Why a Document Management System Should Care About Hyperlinks
* A link is some construct to represent a relationship between two or more things
* Historical use is straightforward association of two data items, e.g., a cross-reference
* Historical venue for links is hypermedia systems
* Emerging use of links:
o to locate distributed objects
o to specify dependencies
o to associate “metadata” with data
Some common link requirements
* Links to arbitrary data and to points within that data
* Links within and across documents
* Links with multiple endpoints
* Links that carry with them some set of semantics, such as a type and behavior
* Links into data that cannot be modified
* Control over the direction of traversal of a link
* Control over what types of objects a link can point to
* Notification when a link end is invalidated or modified
* Version history of a link
* Context-sensitive links
Representing links
* SGML ID/IDREF
* HTML
* HyTime
* XML Link
Well-accepted properties of links
* Specification of the link itself usually via some combination of elements and/or attributes (link recognition)
* Specification of how to find the endpoints (addressing)
* What the link is for (role)
* What to do when the link is “activated” (behavior)
* Allowed types of things the link can point to
* Allowed direction of traversal between link endpoints
* Various other metadata about the link itself: a descriptor, who created it and when, system-specific instructions, etc.
Link lifecycle
* Typical user uses links: hypermedia systems present and traverse existing links
* Somebody has to create and manage links: authoring and document management systems must do interesting things with links
* Linking within constantly modified data presents some hard problems:
o Addressing that works when linked data is modified
o Ongoing validation that links are still valid
o Automated synthesis of links
Why ID/IDREF doesn't cut it
* Limited to one document
* Limited to addressing an element
* Not enough standard semantics
* Can't maintain links independently of the data
* Impossible if read-only data doesn't already have IDs
Fundamentals of HTML links
* The “A” tag is a link
* It has an “href” attribute whose value is a URL
This is an HTML link: <a "href=http://www.texcel.no">
HTML link shortcomings
* No links to spans of text and spans of content
* No links into arbitrary data types
* No links with multiple endpoints
* No links independent of data
* No control over the types of endpoints of a link
* No control over the direction of traversal of a link
Fundamentals of HyTime links
* Hypermedia/Time-based Structuring Language, defined in ISO standard 10744
* In the standard, HyTime defines architectural forms: a set of “meta” element classes and attributes with standard semantics
* When you write a DTD, you make an element a link by applying an architectural form via a “HyTime” attribute
* End result is that instances of the element in a document are links
* A link relates two or more link ends.
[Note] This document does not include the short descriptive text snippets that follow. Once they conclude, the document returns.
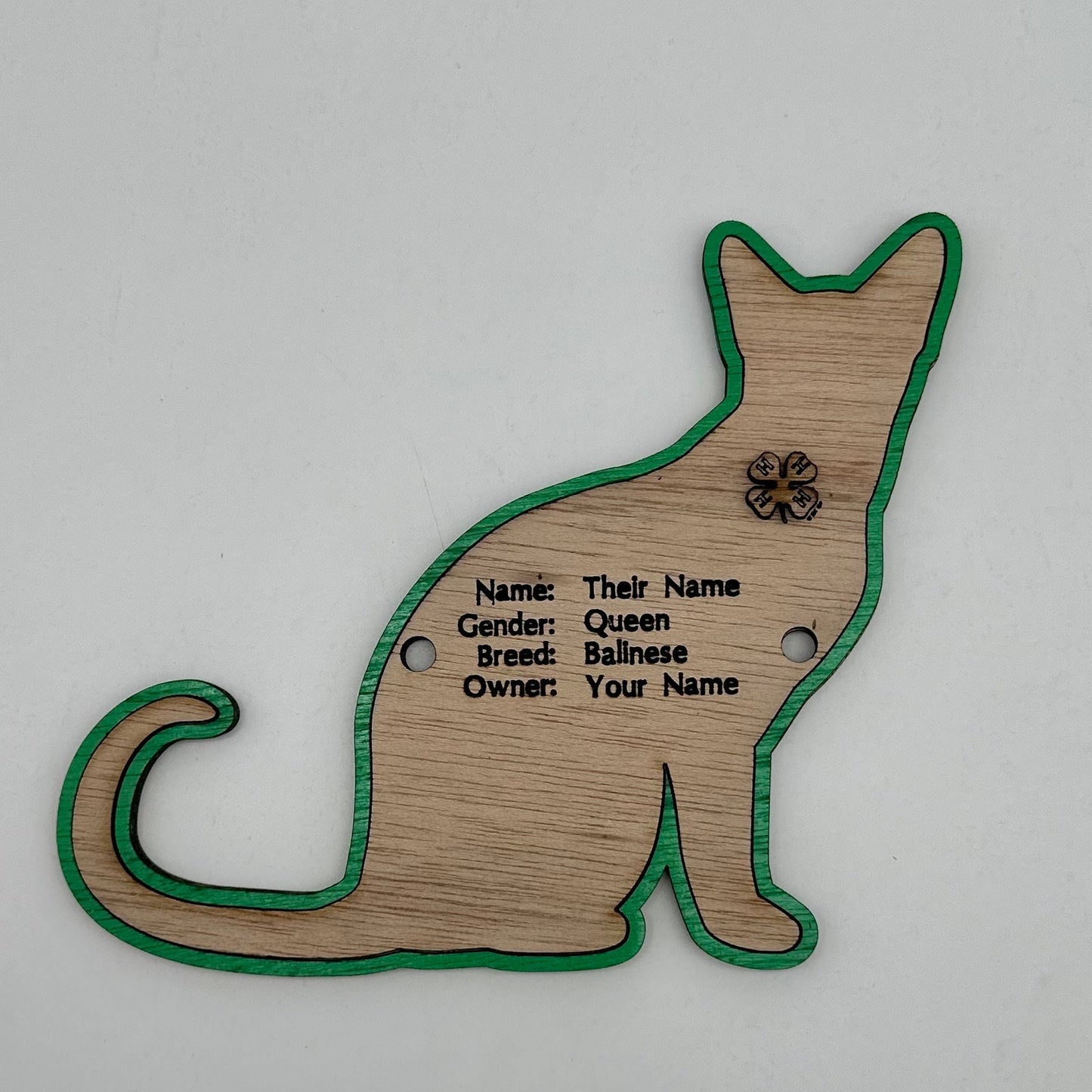 Cat cage tag pen stall name plate label for livestock shows Queen Feline
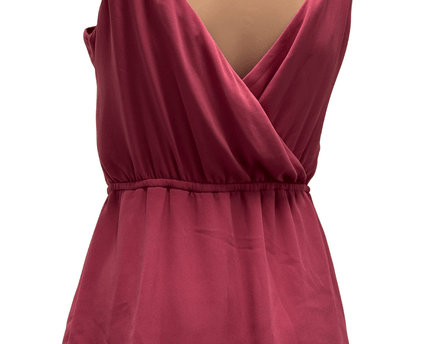 Le Château Rose Pink Wrap V-Neck Peplum Top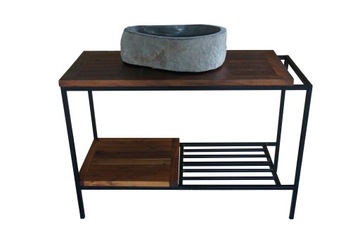 DREWNIANA SZAFKA POD UMYWALKĘ LOFT Z PÓŁKĄ 100CM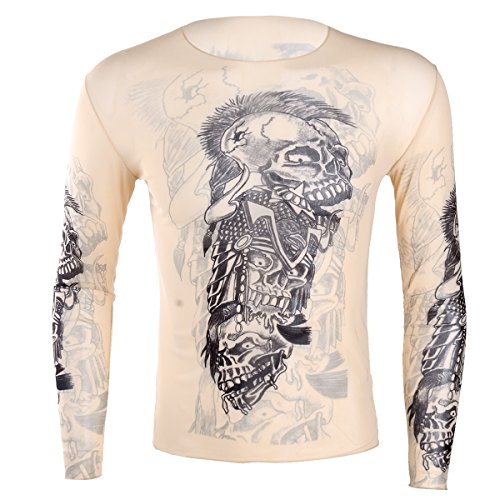 Hedmy Men's Fake Tattoo Tribal Inspired Print Elastic Long Sleeve T Shirt Muscle Tops Undershirt2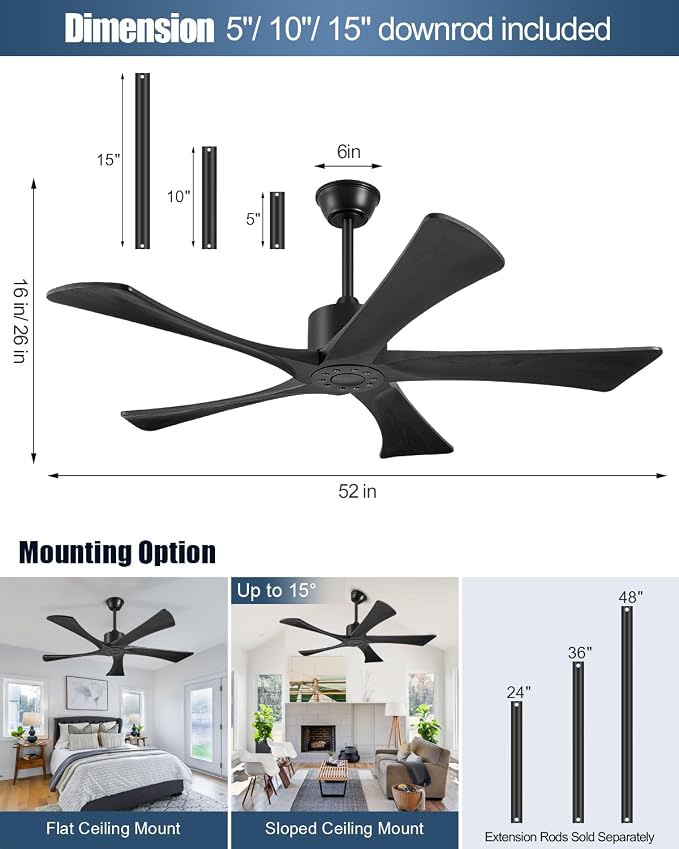 52 Inch Ceiling Fans Without Lights, USA Original Patent Outdoor Ceiling Fan No Light, 5 Wood Blades, ETL Listed, 6 Speeds Quiet DC Motor Modern Fan with Remote for Patios, 52", Matte Black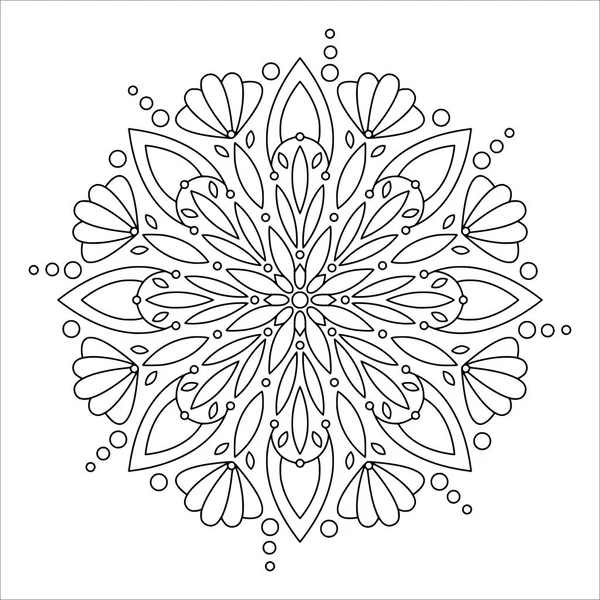 Mandala Estilo Mehndi Ilustração Desenhada Mão Vetorial Para Colorir Livro — Vetor de Stock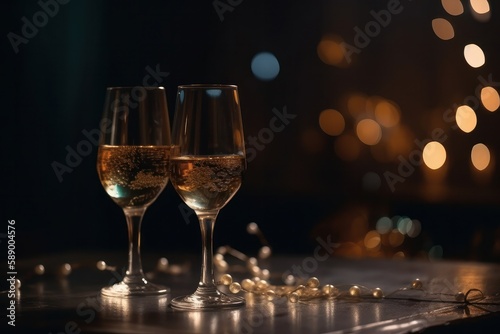 two glasses of champagne on a bokeh background, closeup, Generative Ai
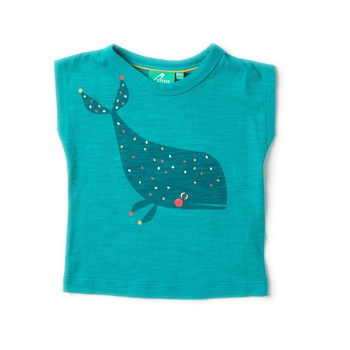 Tricou ”Balena fermecata”, bumbac organic, albastru azur, copii Tricou ”Balena fermecata”, bumbac organic, albastru azur, copii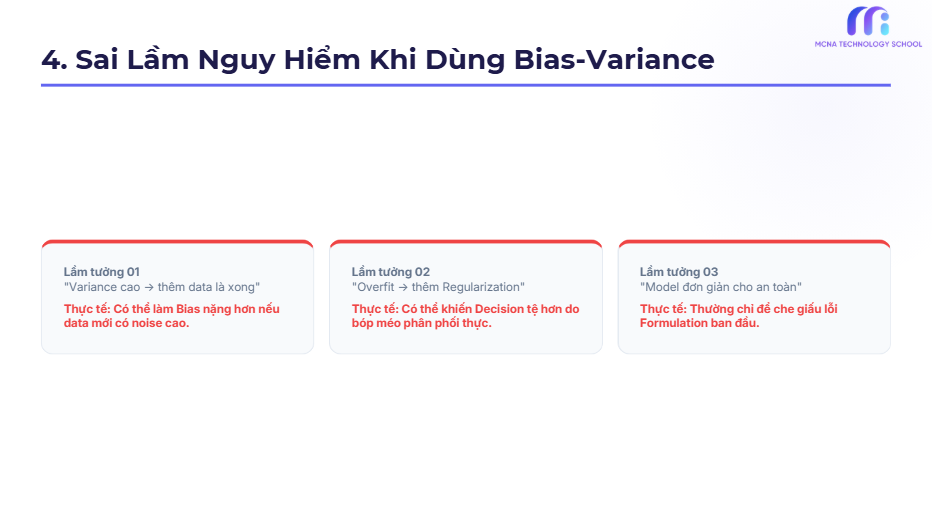 Sai lầm phổ biến khi áp dụng Bias–Variance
Each link end is a locator to a piece of data known as an anchor.
* A link end addresses the anchor via various mechanisms such as nameloc, treeloc, queryloc, and dataloc.
* A contextual link gets one of its link ends from the link element's position in the document.
* An independent link resides independently of any of its link ends.
This is a HyTime link: <clink hytime="clink" linkend="TexcelLogo">
Shortcomings of HyTime
* According to some people, it is not possible for HyTime to have shortcomings because it can do anything
* This is its shortcoming
Fundamentals of XML links
* Any element becomes an XML Link when it has an attribute named “xml-link”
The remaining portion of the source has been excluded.